Осмотрел Толстой скульптуру Гинцбурга, сделал несколько кратких и метких замечаний. Затем пришла и моя очередь, и Стасов оказался совершенно прав, полагая, что «Гонец» не только будет одобрен, но вызовет необычные замечания. На картине мой гонец спешил в ладье к древнему славянскому поселению с важной вестью о том, что «восстал род на род». Толстой говорил: «Случалось ли в лодке переезжать быстроходную реку? Надо всегда править выше того места, куда вам нужно, иначе снесет. Так и в области нравственных требований надо рулить всегда выше – жизнь все снесет. Пусть ваш гонец очень высоко руль держит, тогда доплывет». Я часто вспоминал этот совет Толстого. Затем Толстой заговорил о народном искусстве, о некоторых картинах из крестьянского быта, как бы желая устремить мое внимание в сторону народа. «Умейте поболеть с ним» – такие были напутствия Толстого. Затем началась беседа о музыке. Опять появились парадоксы, но за ними звучала такая любовь к искусству, такое искание правды и забота о народном просвещении, что все эти разнообразные беседы сливались в прекрасную симфонию служения человечеству. Получился целый толстовский день. На другое утро, собираясь обратно в дорогу, Стасов говорил мне: «Ну, вот теперь вы получили настоящее звание художника».

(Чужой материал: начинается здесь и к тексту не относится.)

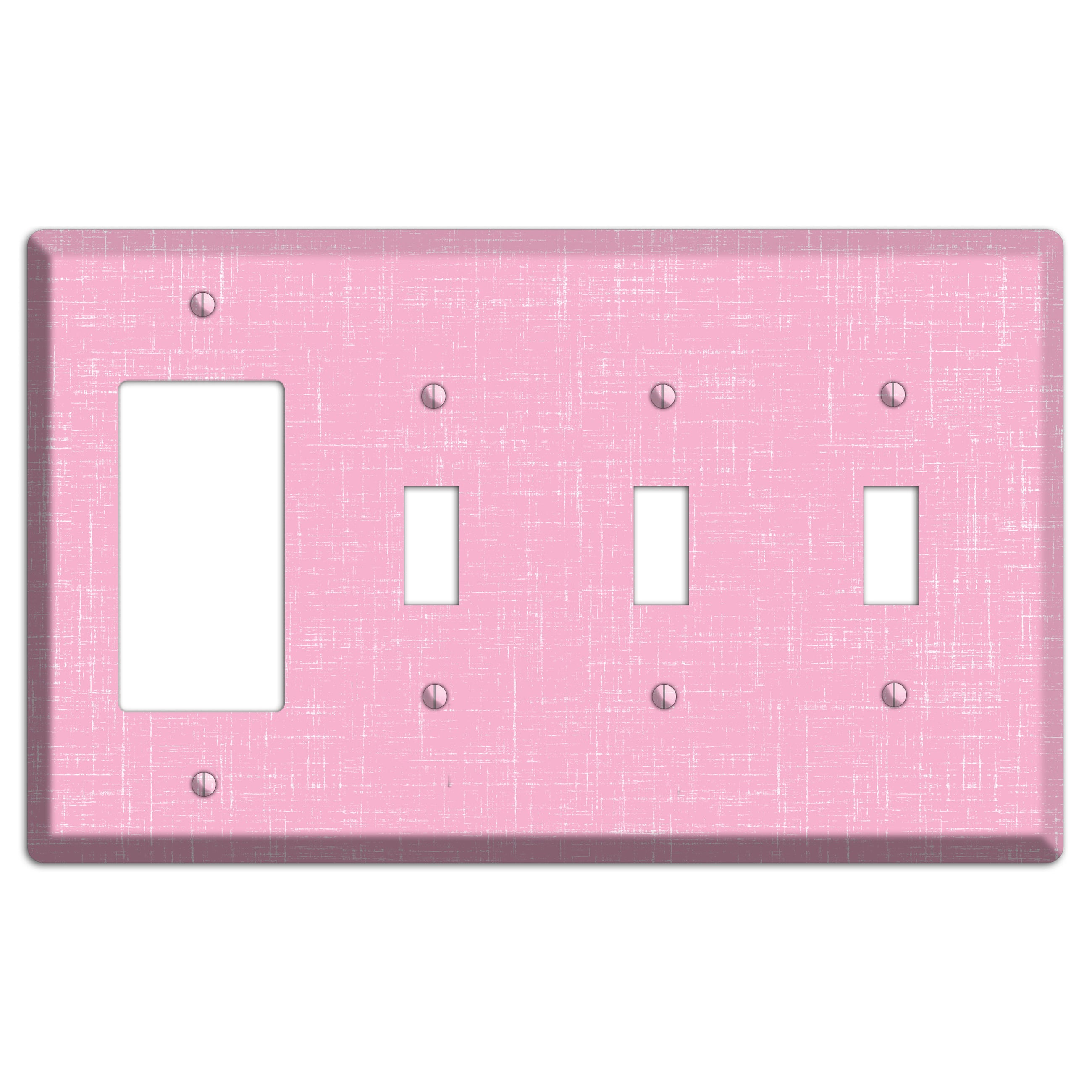 Chantilly Pink Texture Rocker / 3 Toggle Wallplate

Изумительная жизнь Толстого – это жизнь великого писателя и великого учителя света. Вехи его жизни лишь углубляют народное признание. И когда произошел разрыв с церковью, именно ему принадлежало безраздельное сочувствие народа.

Кроме того, опубликованы многочисленные работы Толстого, повсюду в России распространены запрещенные очерки и письма. Шепотом обсуждались причины и последствия отлучения Толстого от церкви, ходили слухи о его тайной встрече с царем. Также обсуждались пророчества Толстого – после широкого оповещения в прессе некоторых удивительных прогнозов. В своих предсказаниях писатель уже предвидел великую войну и другие общеизвестные события.

Внимательно принималось все новое, что говорил Толстой, словно могучая толстовская мысль властвовала над официальщиной. Наряду с глобальными утверждениями о непротивлении злу, о всечеловеческой любви, о подлинной всеобщей культуре, встречались такие проникновенные описания, как, например, смерть дерева. Индия особенно оценила бы по-настоящему истинные слова, вмещающие глубокую мысль о вездесущности жизни. Словами одной из своих героинь, Наташи, Толстой восклицает: «Да, я думаю, что мы спешим, и, думаю, мы спешим домой. Но лишь Бог знает, куда мы движемся в такой темноте. И, возможно, мы дойдем, и очутимся не в Отрадном, а в волшебном царстве. И я думаю...»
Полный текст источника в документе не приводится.